Prime Minister faces calls to apologise after heated Parliament clash over Hansard
A sharp disagreement in Jamaica's Parliament yesterday has renewed pressure on the prime minister to apologise for his role in an unruly exchange on the floor.
At least one media house and posts on social media have focused on claims that the prime minister called an opposition member a bully. Accounts from people who were in the chamber describe a different starting point. They say the trouble began when the prime minister told a member on the opposition side to shut up—not once, but twice.

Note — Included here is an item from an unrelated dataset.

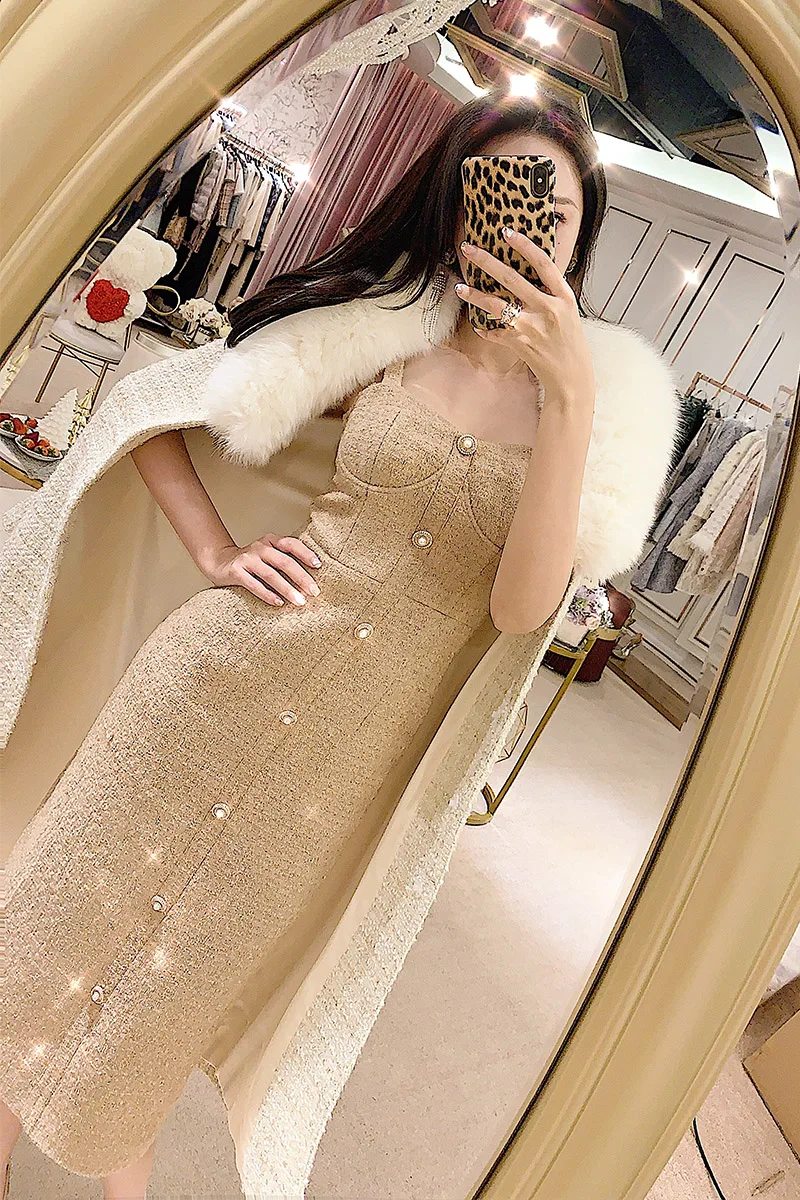 

limited time return silk woolen coat wool collar medium length apricot wool coat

The confrontation unfolded while the member was addressing a question linked to Hansard, the official record of parliamentary proceedings. Hansard had been asked to confirm what was said earlier in the same sitting, which was already at the centre of a dispute between both sides.
When the member responded, "What did you say?" the prime minister repeated the instruction to shut up. Those two remarks, described as unparliamentary, are said to have opened a back-and-forth that grew into the wider squabble now being reported.
Critics argue the coverage has not been fair or balanced. They say it was unseemly for the head of government to be drawn into that kind of clash, particularly after language they believe he initiated. The exchange became heated enough that the Speaker suspended the sitting for a period to allow tempers to cool.
The call for accountability surfaced again this morning. Those raising the issue maintain the prime minister should do the right thing and apologise to Parliament for kicking off the series of engagements that disrupted yesterday's proceedings.